The data is a NPZ NumPy archive with the following fields:
-imgs: (737280 x 64 x 64, uint8) Images in black and white.
-latents_values: (737280 x 6, float64) Values of the latent factors.
-latents_classes: (737280 x 6, int64) Integer index of the latent factor values. Useful as classification targets.
-metadata: some additional information, including the possible latent values.
Alternatively, a HDF5 version is also available, containing the same data, packed as Groups and Datasets.
- Dimensionality reduction is the process of reducing the number of features that describe some data either by selecting only a subset of the initial features or by combining them into a reduced number new features. Hence they can be seen as an encoding problem too.
- Autoencoders are neural network architectures composed of an encoder and a decoder and trained to reconstruct the input during the encoding-decoding process of the model. As a result, the encoder learns to reduce dimensionality without losing important information about the input.
All the required dependencies are consolidated in requirements.txt
For installing all the dependencies run this line of code -
!pip install -r requirements.txt
This is the main Jupyter notebook that contains the full implementation of Causal VAE with counterfactuals.
The first section mainly deals with the setup of VAE as a supervised model. It loads the data from the dSprites repository. For error-free working, ensure that you specify the correct path after cloning the repo into the data
directory. The model is then trained and tested to verify its correct training. An alternative to manual training is to run the Load weights
cell.
The second section has the construction of the Structural Causal Model (SCM). To make sure the model was developed properly before performing causal operations, we run 2 sanity checks: generating single image and reconstructing it using sampling, and checking if the decoder is able to generate the image if the latents are changed.
Then we move on to perform three causal operations: conditioning, interventions and counterfactual reasoning.
To learn about Causal Variational AutoEncoder step by step, we have also included the Tutorials which includes View code & View pdf
The attached tutorials briefly explaning the working and functioning of the Causal Variational AutoEncoders.
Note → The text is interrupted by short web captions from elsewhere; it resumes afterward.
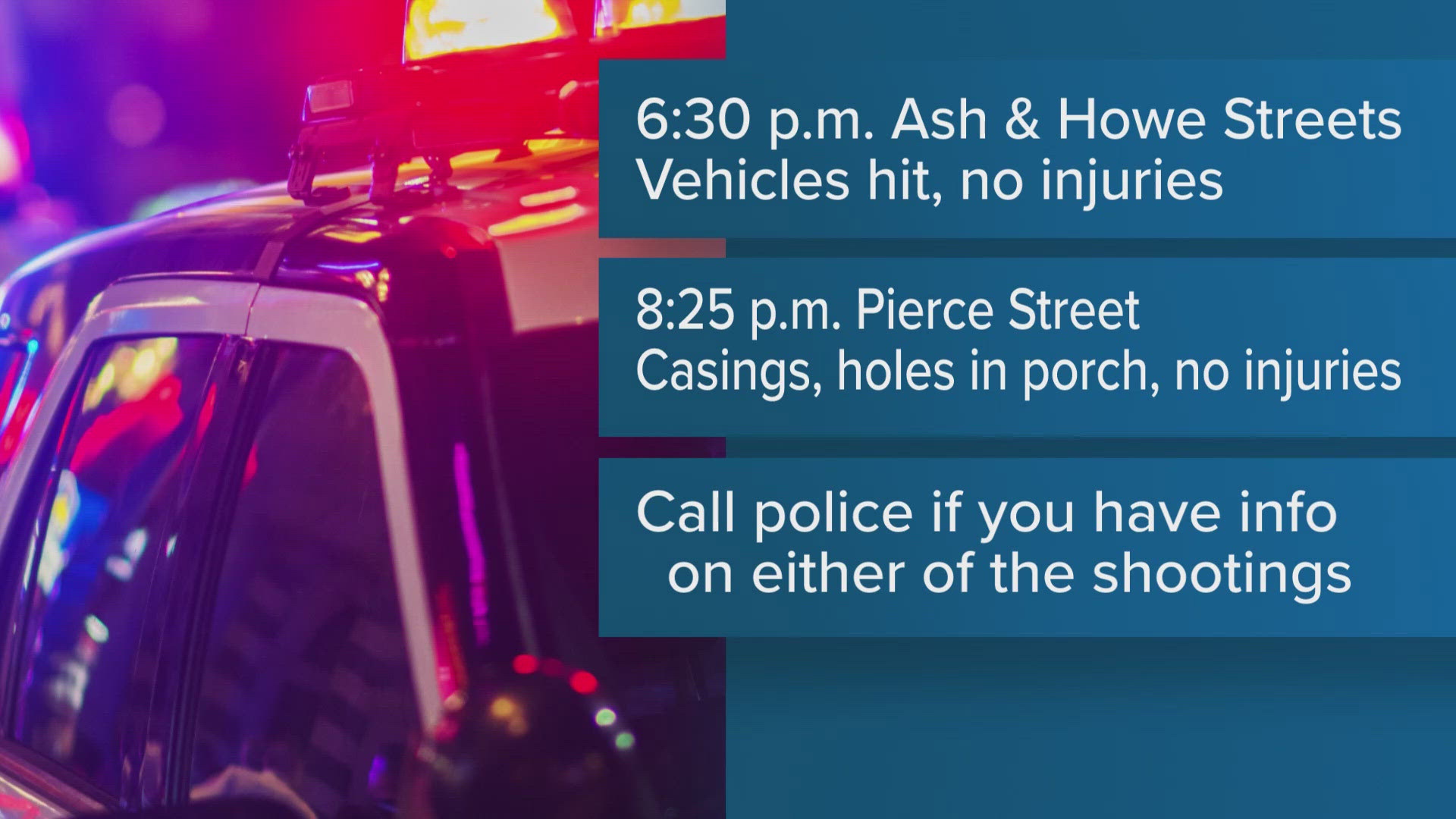 The first incident was reported around 6:30 p.m. The second was reported about two hours later. Both incidents are being investigated.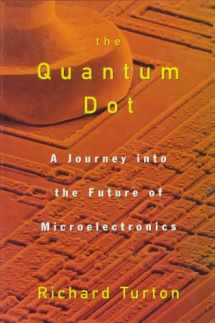 9780195211573-019521157X-The Quantum Dot: A Journey into the Future of Microelectronics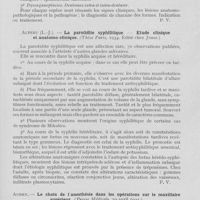 0812 - Page 791 - Revue analytique. Houpert et Friez. — Les tumeurs des mâchoires d’origine dentaire. (Edité chez Vigot, à Paris, 1934) / Alperu (L. J). — La parotidite syphilitique. Etude clinique et anatomo-clinique. (Thèse Paris, 1934. Edité chez Jouve) / Aubry. — Le choix de l'anesthésie dans les opérations sur le maxillaire supérieur. (Presse Médicale, 10 avril 1935)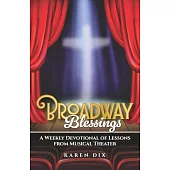 Broadway Blessings: A Weekly Devotional of Lessons from Musical Theater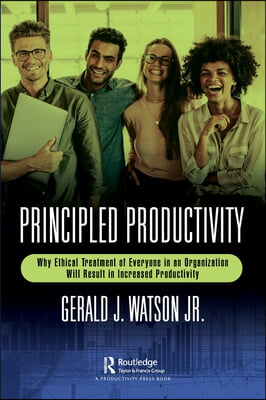 Principled Productivity: Why Ethical Treatment of Everyone in an Organization Will Result in Increased Productivity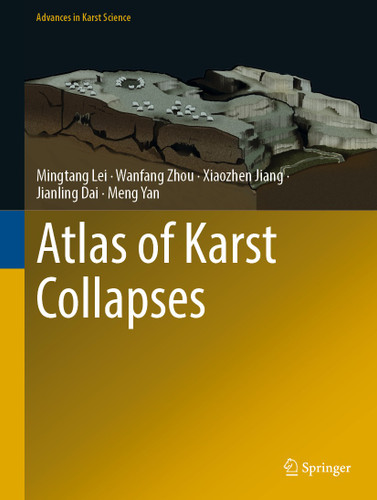 Atlas of Karst Collapses (Advances in Karst Science) book cover by Mingtang Lei, Wanfang Zhou, Xiaozhen Jiang, Jianling Dai, Meng Yan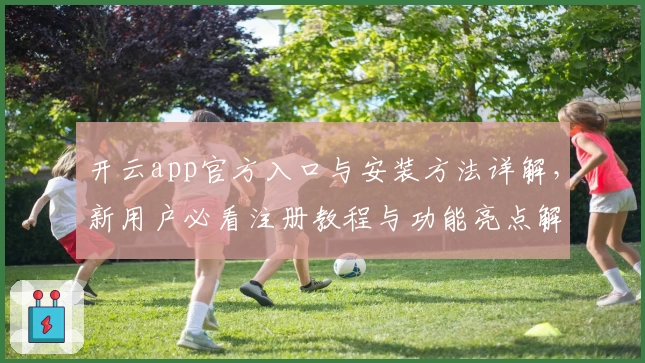 开云app官方入口与安装方法详解，新用户必看注册教程与功能亮点解析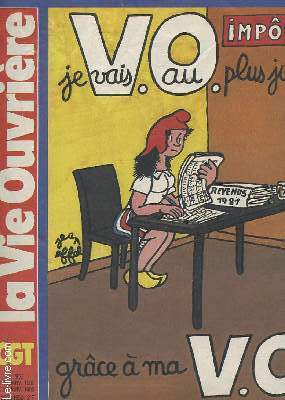 LA VIE OUVRIERE N1952 - JE VAIS AU PLUS JUSTE GRAVE A MA V.O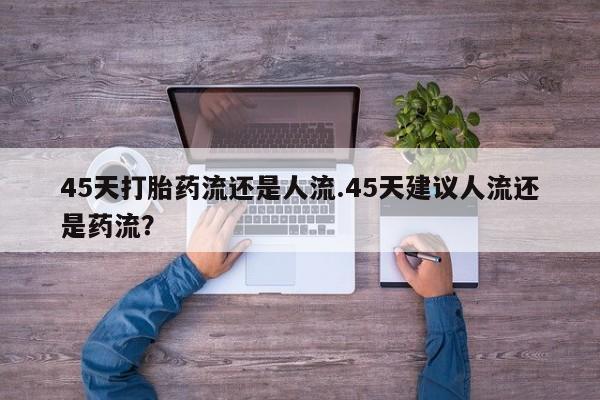 购买米非司酮片的联系方式45天打胎药流还是人流.45天建议人流还是药流？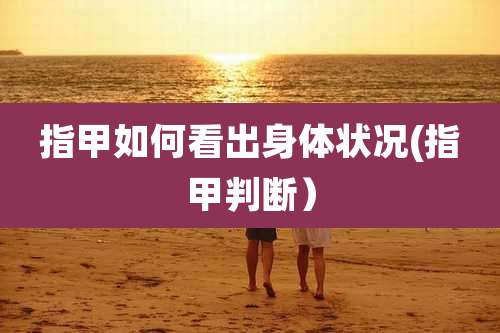 指甲如何看出身体状况(指甲判断）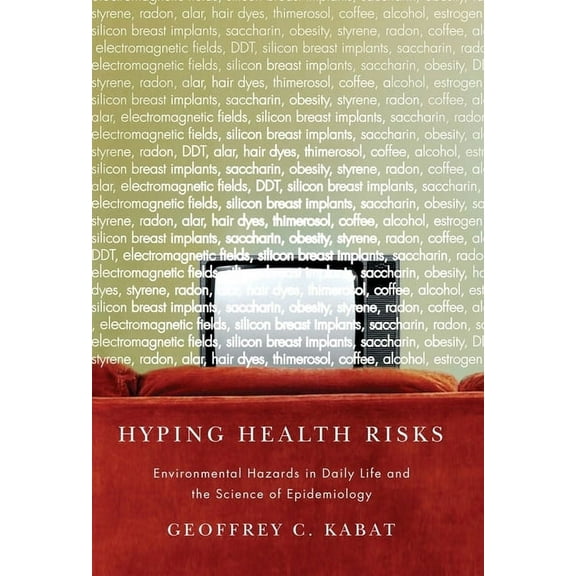 Hyping Health Risks: Environmental Hazards in Daily Life and the Science of Epidemiology, (Hardcover)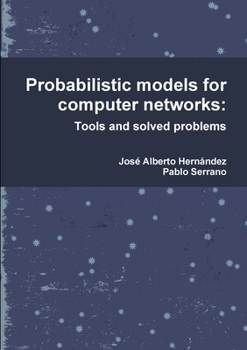 Paperback Probabilistic models for computer networks: Tools and solved problems Book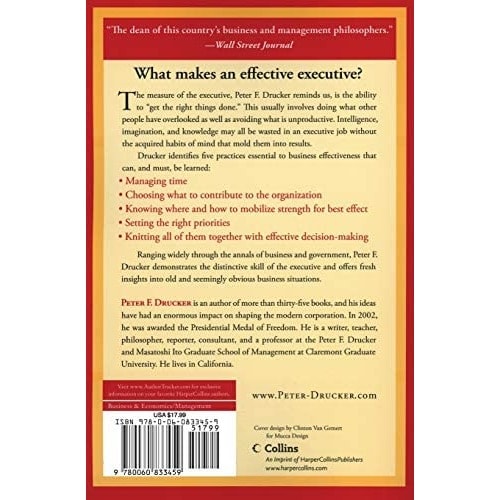 The Effective Executive: The Definitive Guide To Getting The Right Things Done By Drucker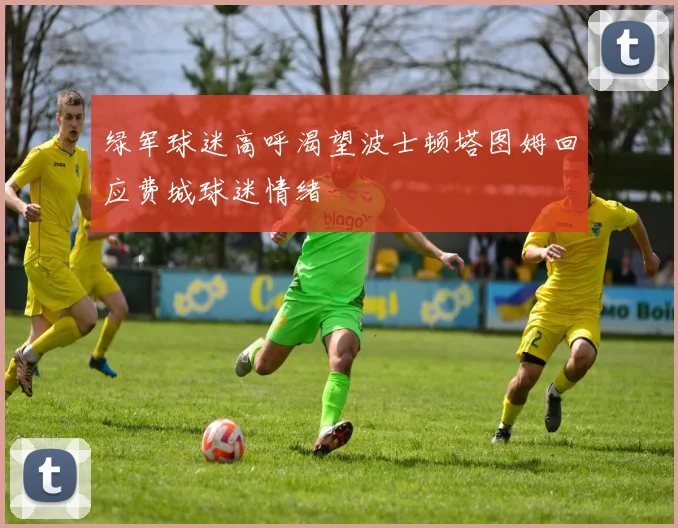 绿军球迷高呼渴望波士顿塔图姆回应费城球迷情绪
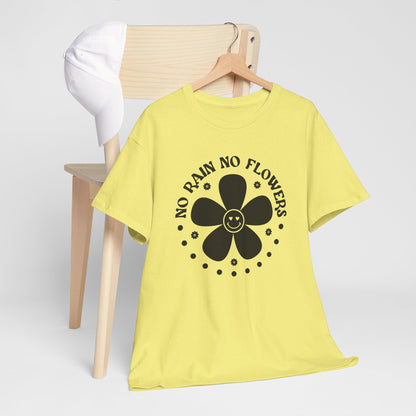 No Rain No Flowers - T-Shirt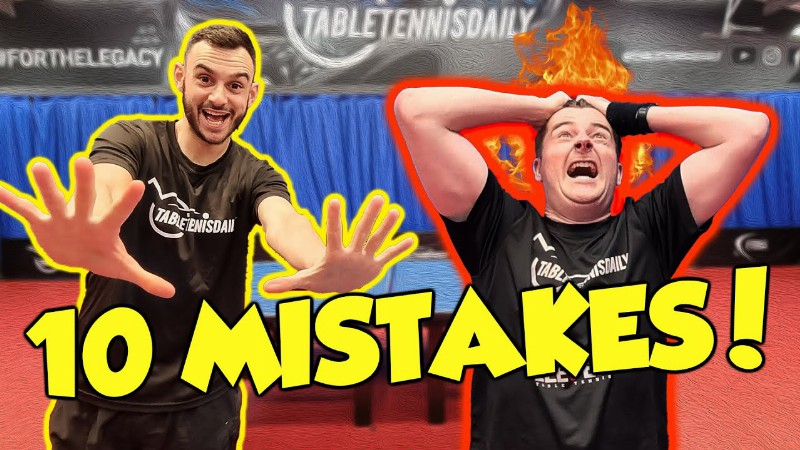 10 Mistakes Table Tennis Players Repeatedly Make
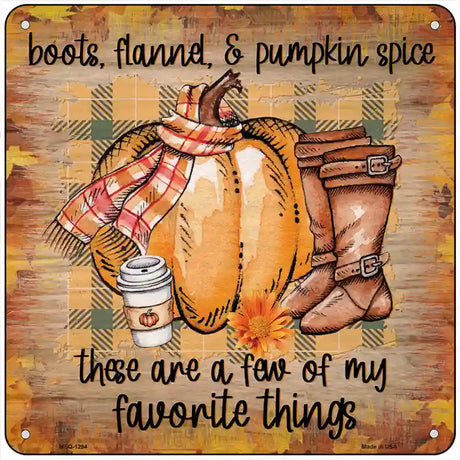 Boots Flannel Pumpkin Spice Novelty Metal Square Sign 6" (MSQ)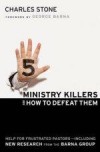 Charles Stone - Five Ministry Killers And How To Defeat Them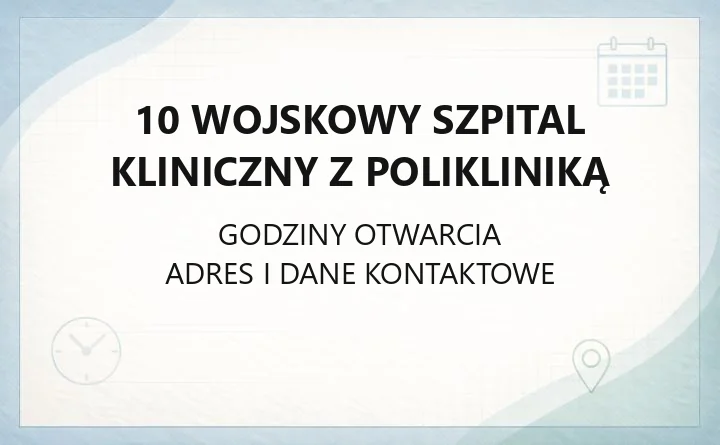 10 Wojskowy Szpital Kliniczny z Polikliniką - kontakt, oddziały, rejestracja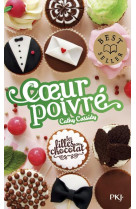 Les filles au chocolat - tome 5 &frac34; Coeur poivré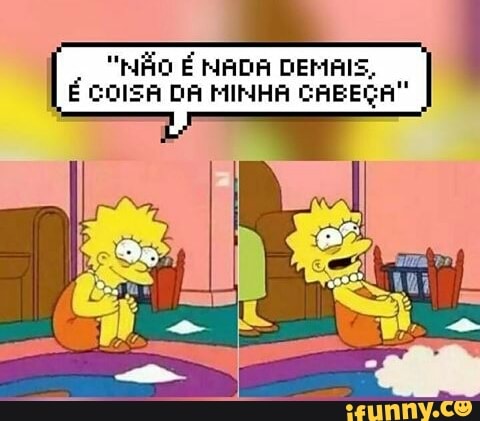 "NÃO É MADA DEMAIS,
É COISA DA MINHA CABEÇA!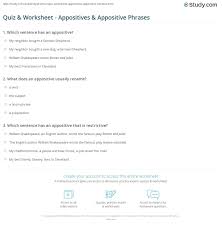 Quiz Worksheet Appositives Appositive Phrases Study Com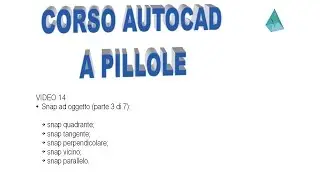 AutoCAD a pillole - 14 - Snap ad oggetto (parte 3a di 7)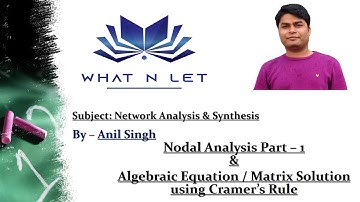 Nodal Analysis (Part-1) | Solved Problem | Nodal Voltage Analysis | Cramer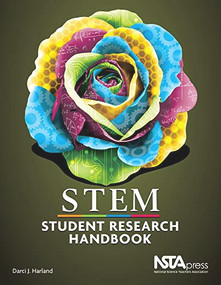 STEM Student Research Handbook by Darci J. Harland, 9781936137244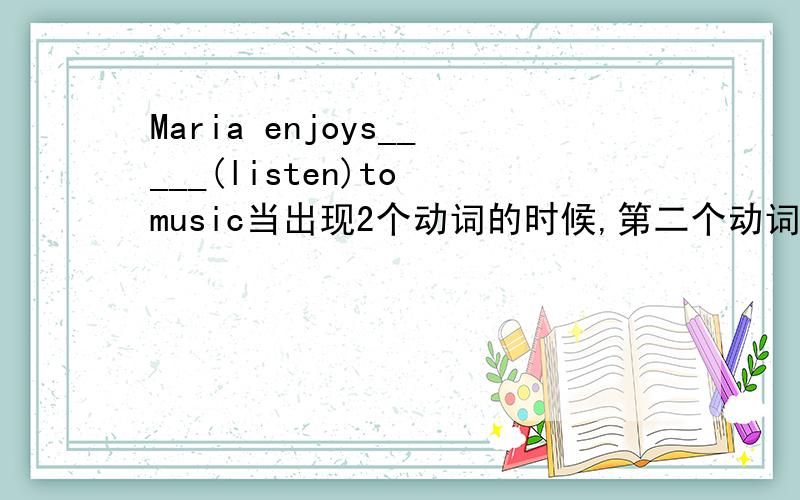 Maria enjoys_____(listen)to music当出现2个动词的时候,第二个动词(如listen)是用原形,还是加S,还是加ing呢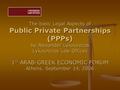 The basic Legal Aspects of Public Private Partnerships (PPPs) by Alexander Lykourezos Lykourezos Law Offices 1 st ARAB-GREEK ECONOMIC FORUM Athens, September.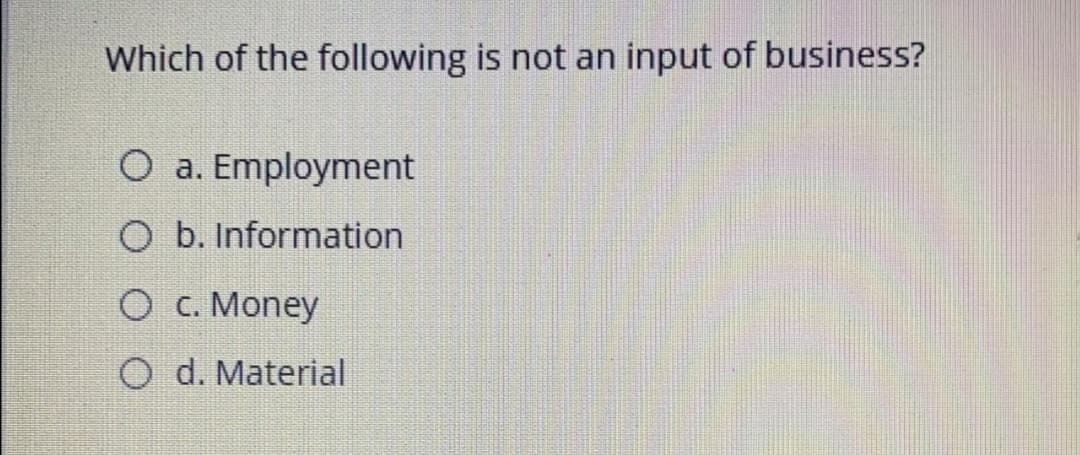 Which of the following is not an input of business?
O a. Employment
O b. Information
O c. Money
O d. Material
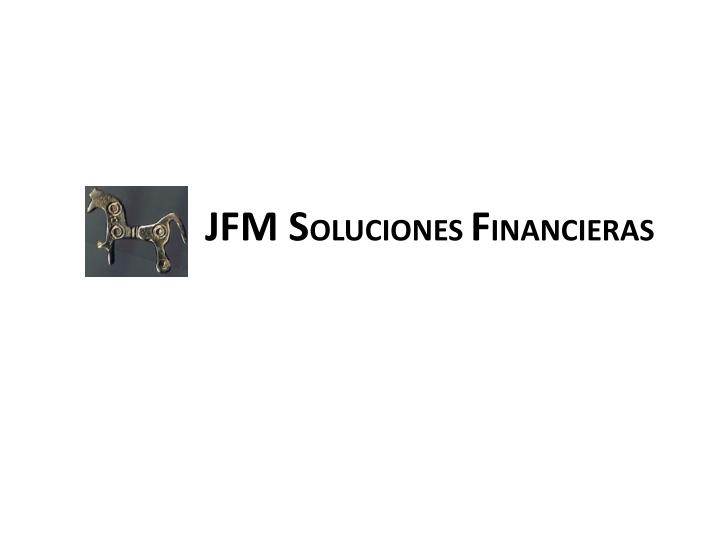 jfm s oluciones f inancieras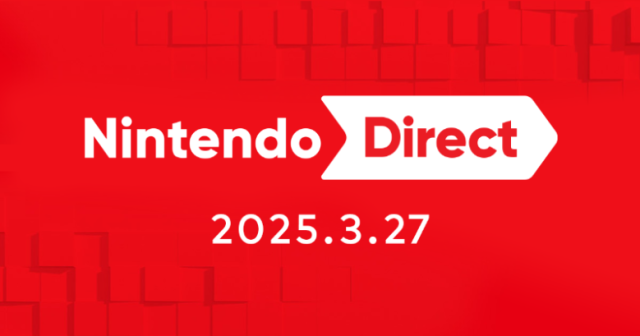 【速報】明日3月27日（木）23時から「Nintendo Direct 2025.3.27」放送決定きたあああああああああああああああああああ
It also provides step-wise solution to various Counterfactual Queries applied on the Structured Causal Model.
The training has being done on Google Colab Platform on GPU resource. The dataset was divied into the train and test data in the data Once the CVAE class functions are set up we can execute the train and evaluate fucntion. The optimum learning rate used is 1.0e-3 and num of epochs are kept to be 10. The optimizer used here is "ADAM", as it works best with the stochastic dataset, which is here in our case. We observe from the elbo plot that the training losses with the given learning rate changes minimally after the 10 epochs. We also find the test loss after every 5 epochs i.e the TEST_EPOCH_FREQUECY is set to 5, so as to make sure that the model is not overfitting or underfitting our dataset.
Once the training is completed we are also saving the trained model weights so as to ensure the resusability of our results. The results observed our significant to implement the interventions and conditioning as we observed that the Average Training Loss after 10 epochs are 16.1449 and the Average Test loss After 5 epochs are 23.3984.
- The code is made compatible for GPU for faster processing.
- The learned weights are saved to avoid training frequently to enhance development efficiency.